そう、グラウンドは実験室ですから、ここではいろいろなことを実験していい。思いつく限り、あれこれいろいろな試みをして、そこで育てた能力やそこで発見した法則を、実際の生活で使ってみよう。何度も言いますが、いちばんたいせつなのはグラウンドのなかで育てた力をグラウンドの外でどう生かすかですよね。

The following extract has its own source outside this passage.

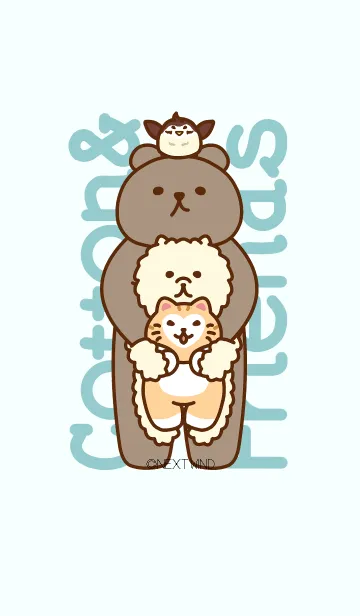 [LINE着せ替え] こっとんさんとお友達のきせかえ ミント味の画像1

(内田樹・平野剛『合気道とラグビーを貫くもの』朝日新書) ~
「学校での勉強は社会に出てから役に立たないから意味がない」というような言葉を耳にすることがあるが、それはあまりにも勉強の本質を見失った言葉だ。
たしかに勉強の内容そのものだけを見たら、将来の現実の生活に直接は役に立たない内容もあると言えるだろう。
しかし、その内容を学ぶことで脳の中にどんな回路が構築されるか、その内容を学ぶ経験によってどんな姿勢ややり方を身につけられるかを考えるならば、役に立たない勉強などないと言うこともできる。
要は、勉強の過程によって、どれだけ自分を変えることができたかなのだ。
受験に成功した先輩とは、受験を通して自分を変えることができた人たちだと言える。
もちろん本人にその自覚がないかもしれないが、結果として受験勉強を始める前の自分と、合格が決まった後の自分とには、見た目は多少大人っぽくなったというぐらいでもあ、中身は全然変わっている場合が多いはずだ。
~ そのひとの人生において大きな意味があったとか、それが実は人生を決める分岐点になったとか、自分自身のOSがバージョンアップしたとかってのは、ある程度時間がたたないとわからないかもしれないですね。時間がたって振り返ってみたときに、「実はあのときバージョンアップ」していたんだな」というふうに自覚されるもんなんですよ、きっと。 ~
つまり、自分というOSをどれくらいバージョンアップできるか。
高校時代というのは、その貴重な実験の場ではないかと思う。
もちろん、大学、社会人と進んでいく人生のそれぞれの場所で、それぞれのバージョンアップのチヤンスに出会うことだろう。
ただし、その瞬間瞬間においては、自分が何にでくわしているかはわからない。
しかし懸命にその瞬間を乗り越えようとしていく過程のなかで、何かそれまでになかったものが自分の中に生まれる。
OSをかえる練習をしないといけないんだろうなあ … 。
言うのは簡単だけど、やるのは難しい。